Here are some guidelines for developing a zero-tolerance policy for alcohol for your children:
- Start an ongoing dialogue early about alcohol: the risks, the ramifications, and your desire for your teen not to use alcohol. Emphasize abstinence from alcohol as part of your overall value system. Ask for a commitment not to use alcohol.
- Offer praise for good decisions and guidance for mistakes. Working together to rectify a bad grade can be good practice for dealing with bigger problems in the future.
- Help teens set short-term and long-term goals. Relate their goals to their physical endurance, mental acuity, and emotional fitness. Ask them how they think using alcohol could keep them from achieving their goals.
- Invite mentors and other people your teen would not want to disappoint into the dialogue. Ask them to support your efforts to encourage abstinence from alcohol.
- Train your children to ask, “Is it worth the risk?” Make sure they can apply the potential consequences you’ve discussed to real-life scenarios. Discuss the situations of people you know or those of people in newspaper and magazine articles and ask your teen to help you list the problems they have encountered as a result of drinking alcohol.
- Model good behavior where alcohol is concerned. While it is true that it is legal for you to drink alcohol, teens have very little tolerance for what they perceive as hypocrisy, and they often fail to make distinctions when making judgments.
- Keep alcohol locked up and out of sight. Many adolescents, and even pre-adolescents, begin experimenting with alcohol in their own homes.
- Monitor situations where temptation can occur: for example, when your teen participates in unsupervised group activities or attends events, such as weddings, where alcohol is being served to adults.
- Limit your teen’s attendance at parties, both in number and in length of time spent. Make a pact to pick your teen up at any time, from any place, with no questions asked until the following morning when you are both calm. Limit sleepovers unless they are at your house under your supervision.

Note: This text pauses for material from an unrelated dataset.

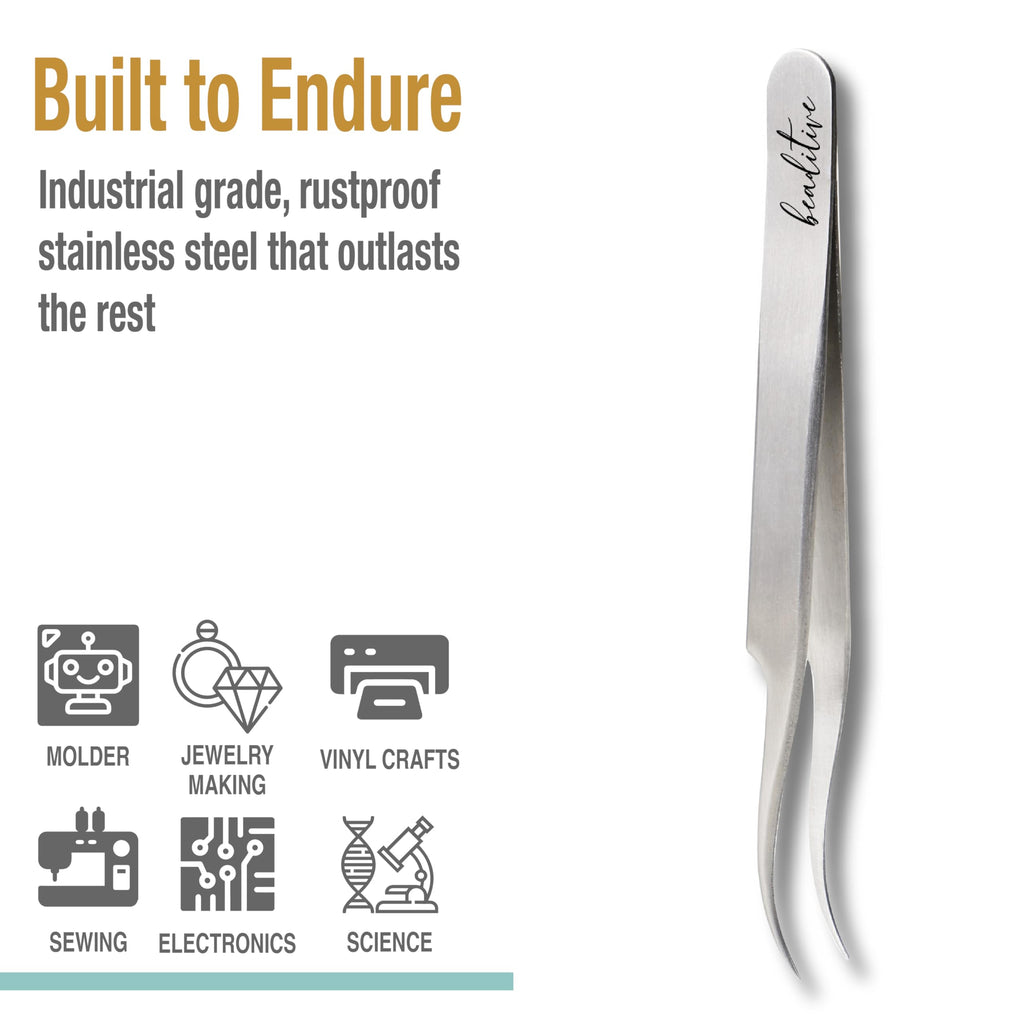 Beaditive High Precision Curved Tip Tweezers 3 Pack - 4.5" Craft Tweezers for Sewing, Beading & DIY Crafts - Non-Serrated Jewelry Tweezer Set with Fine Curved Tips - Stainless Steel Hobby Tweezers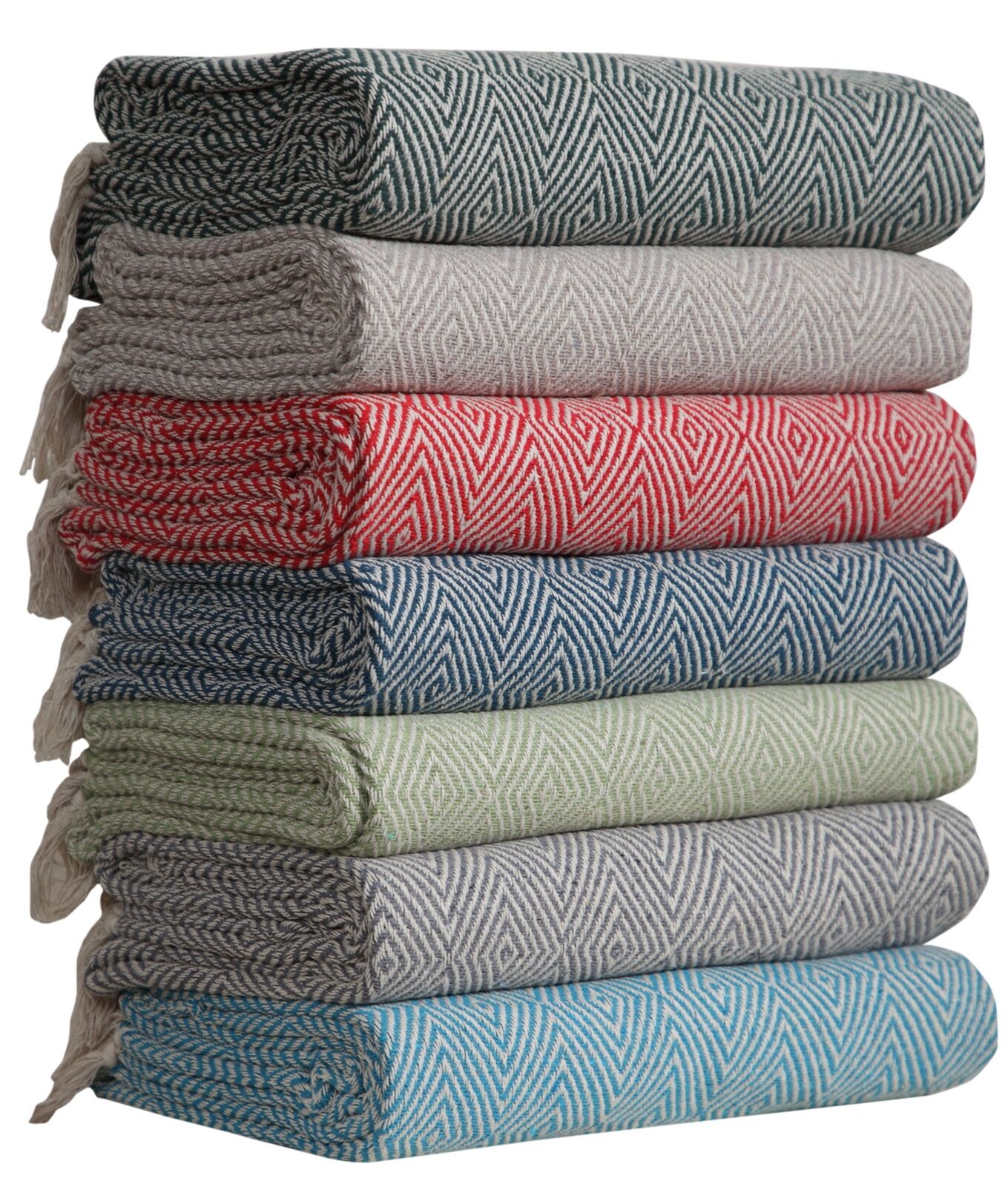 Luxury Reversible Super Soft Cotton Diamond Lrg Throw For Sofa Bed, 150 x 200cm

- Communicate with the parents of your teen’s friends. Ask what they are doing to ensure that the children don’t have access to alcohol when they are under their supervision. Share situations (not names) that you have discussed with your teen; their responses will help you determine whether or not you are on the same wavelength regarding teens and access to alcohol. Tell them you welcome feedback on how your child behaves when you are not present and that you will not reveal the source of the information.
- Observe other parents’ efforts to restrict minors’ access to alcohol. Offer to help chaperone at events your child will attend. Be careful – even “good people” have erroneous ideas about teaching teens to “drink responsibly” under their supervision. Make sure your teen understands that even if another parent is allowing the use of alcohol, your teen does not have your permission to partake and should come home immediately.
- Keep your teen busy. Kids often get into trouble when they have too much unsupervised free time. Invest time and effort into helping your teens find safe, fun ways to spend their time, such as participating in faith-based activities.
- Adopt a trust-but-verify policy. Even “good kids” can find themselves in difficult situations. Your teen doesn’t have the benefit of your years of wisdom and experience. Explain the risks of being in the wrong situation; even if your teen doesn’t drink, being present at a party where teens are drinking can have serious consequences. Monitor your teen’s – and your teen’s friends’ – Facebook and MySpace pages.
And, last but certainly not least, realize that your teen is vulnerable to making poor choices every day. Don’t let your guard down. Finding a balance between being too controlling and allowing too much freedom will require constant effort, but it is a worthwhile endeavor. Your teen’s health and happiness may depend on it.